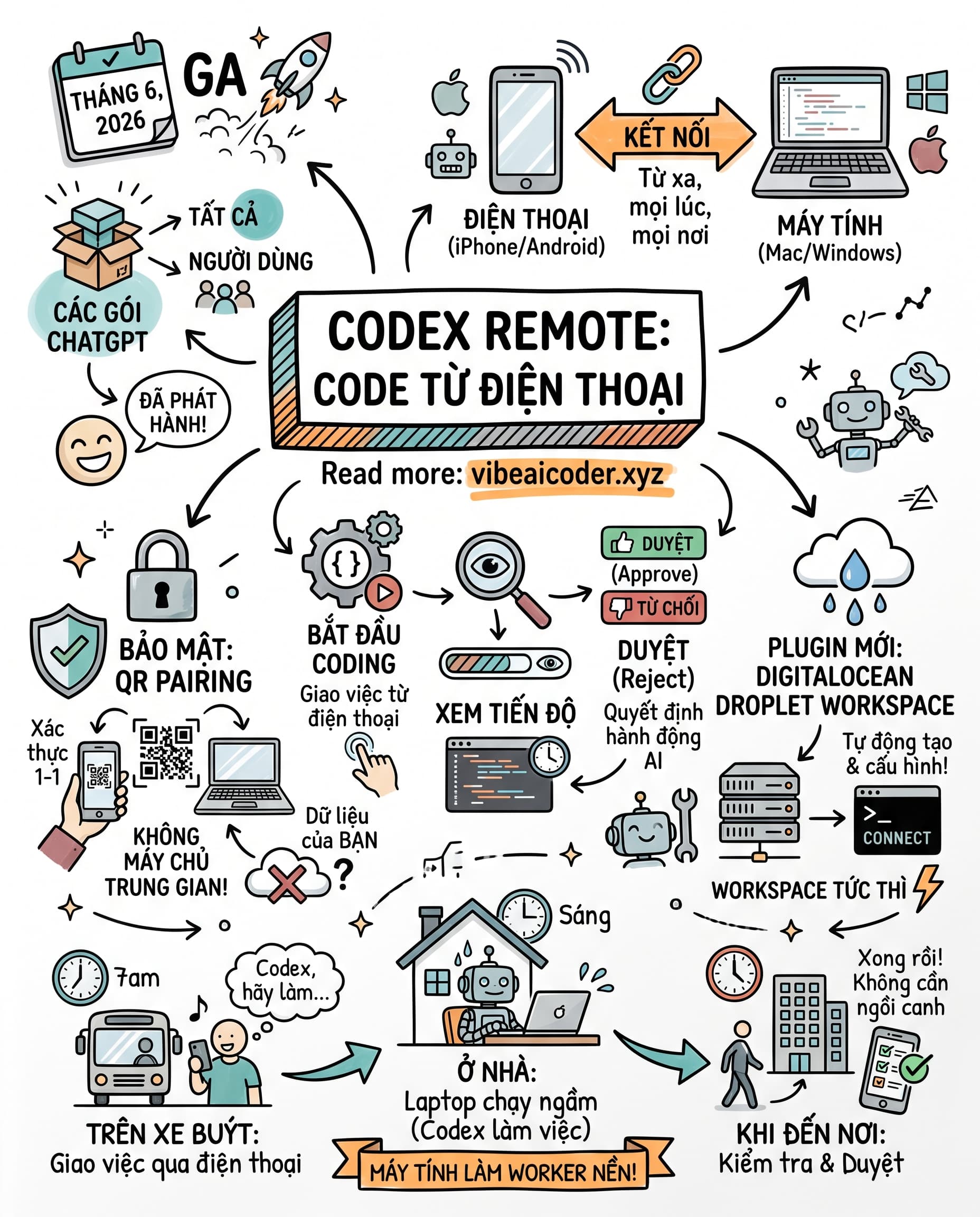 📱 Giao việc code cho AI từ điện thoại, máy tính tự chạy không cần mở laptop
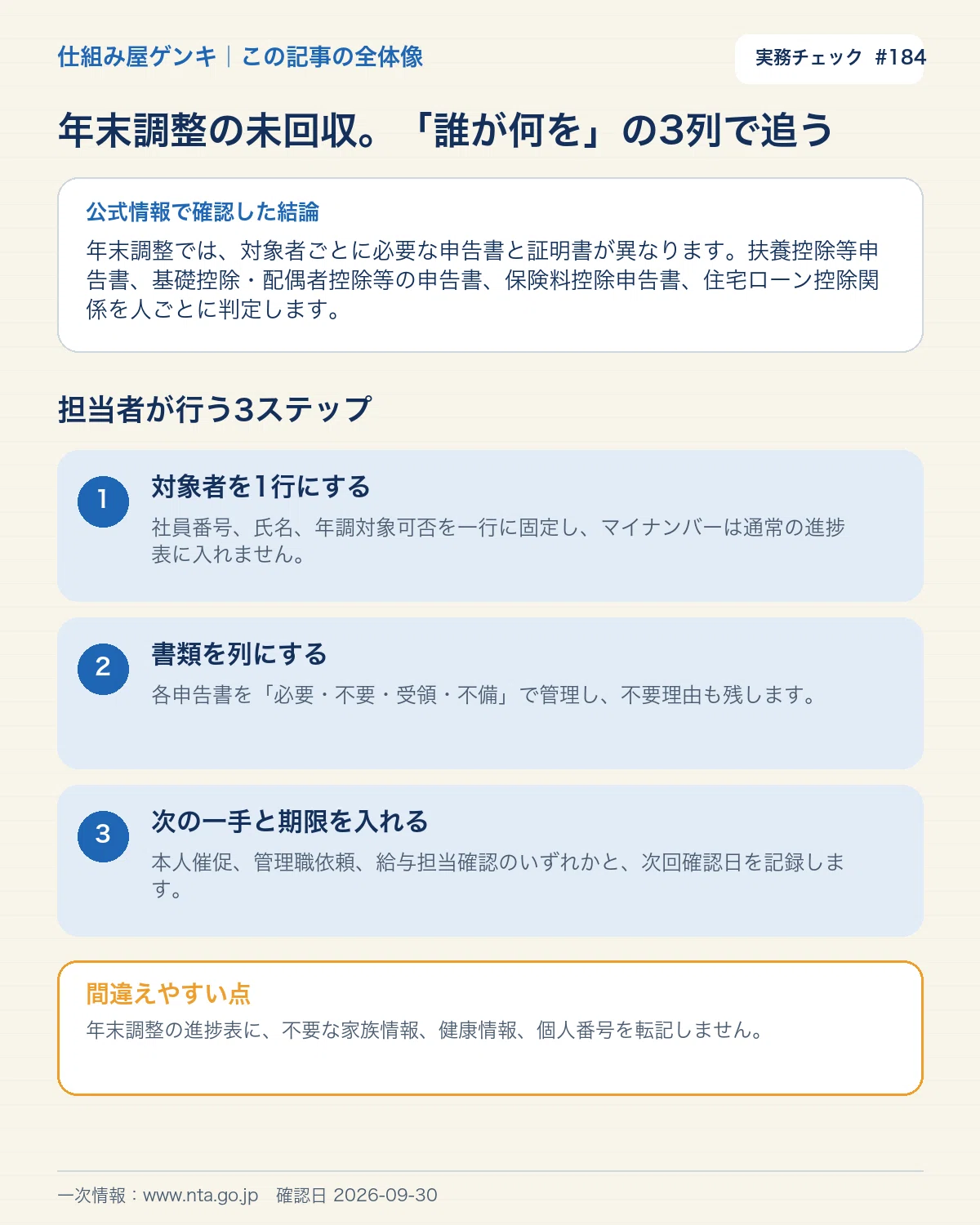 Uncollected Year-End Adjustment Documents: Tracking by 'Who and What ...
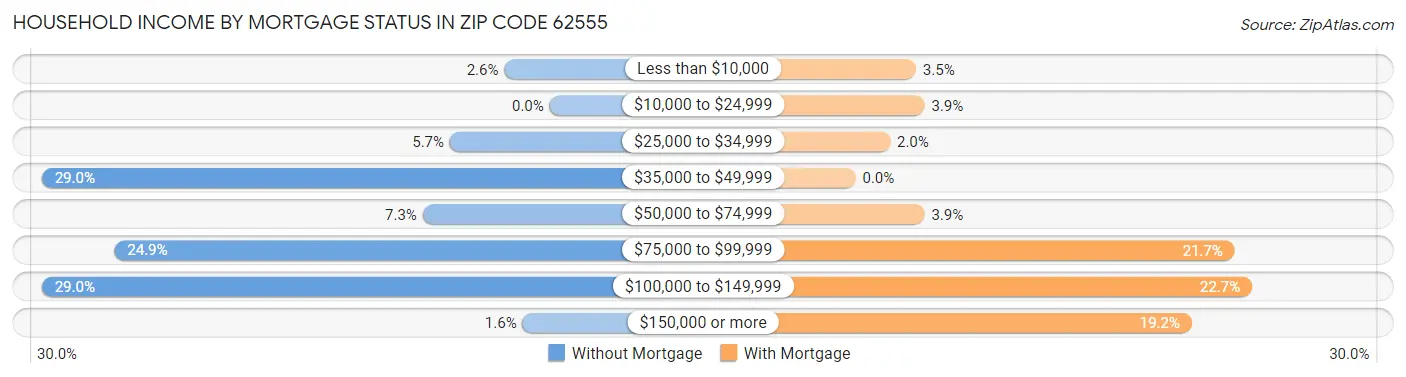 Household Income by Mortgage Status in Zip Code 62555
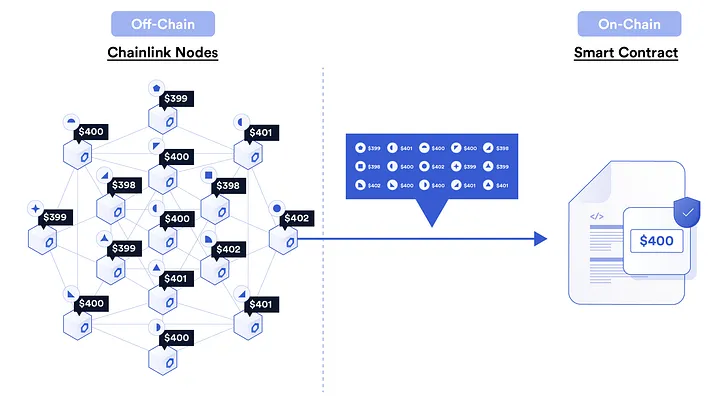 Chainlink Price Feeds Oracle Network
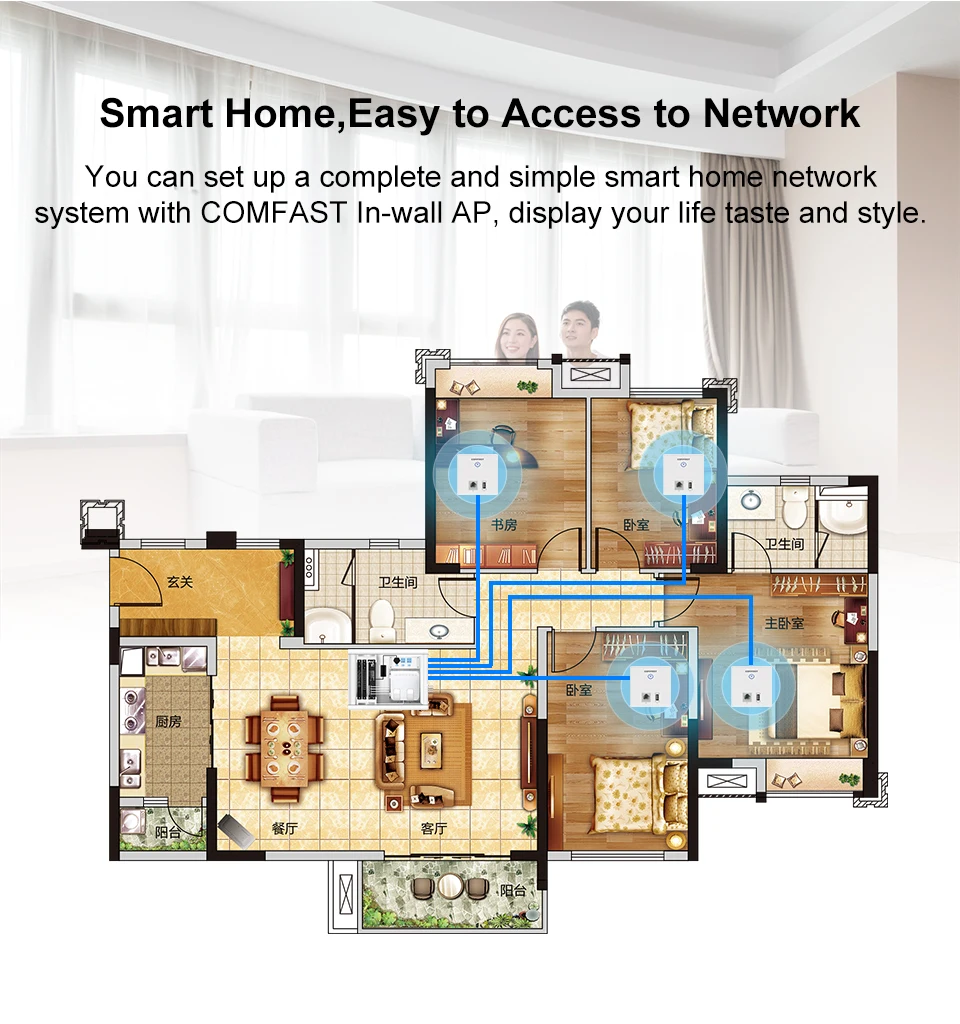 Comfast RF105 100 м интеллектуальная "начинка" Gateway AC шлюз маршрутизации QCA531 маршрутизатор переменного тока с 4LAN порт 10/100 Мбит/с POE Мощность поставить режим маршрутизатора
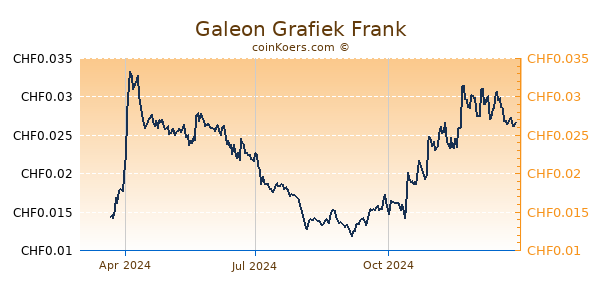 Galeon Grafiek 1 Jaar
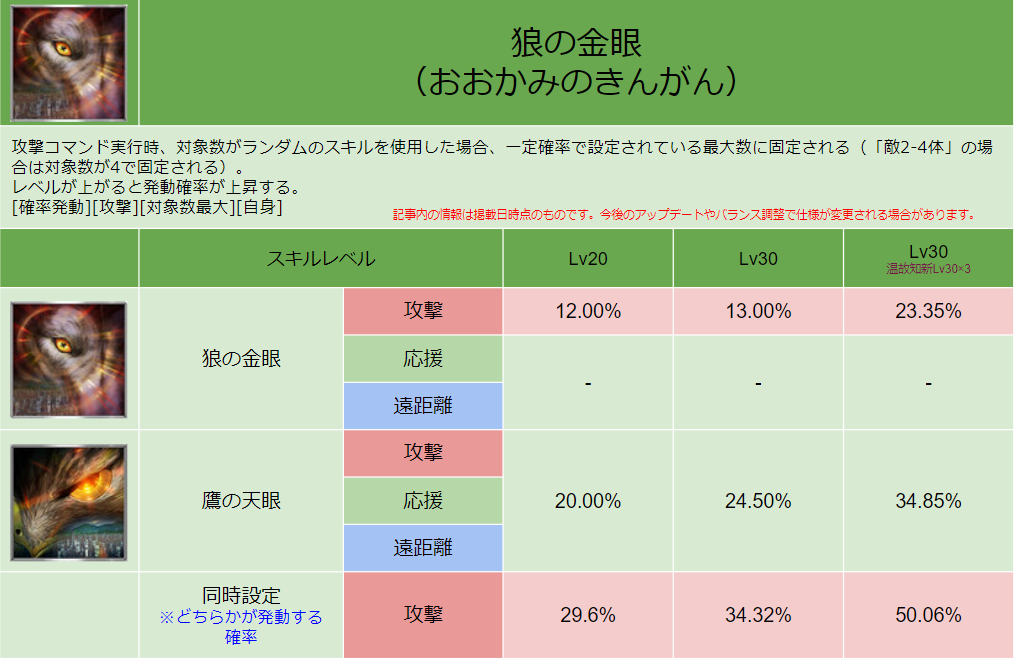 スキル画像 DB002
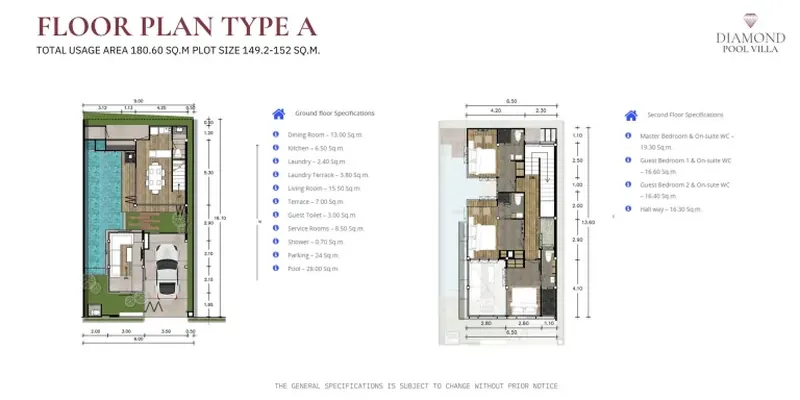 ผังของคอนโดมิเนียม ในศรีซันตัน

__Your objective__
Reproduce the listing above exactly, but skip the pictures.

__Reply to the exercise__
 📱 Giao việc code cho AI từ điện thoại, máy tính tự chạy không cần mở laptop
 Uncollected Year-End Adjustment Documents: Tracking by 'Who and What ...
 Household Income by Mortgage Status in Zip Code 62555
 Chainlink Price Feeds Oracle Network
 Comfast RF105 100 м интеллектуальная "начинка" Gateway AC шлюз маршрутизации QCA531 маршрутизатор переменного тока с 4LAN порт 10/100 Мбит/с POE Мощность поставить режим маршрутизатора
 Galeon Grafiek 1 Jaar
 スキル画像 DB002
 ผังของคอนโดมิเนียม ในศรีซันตัน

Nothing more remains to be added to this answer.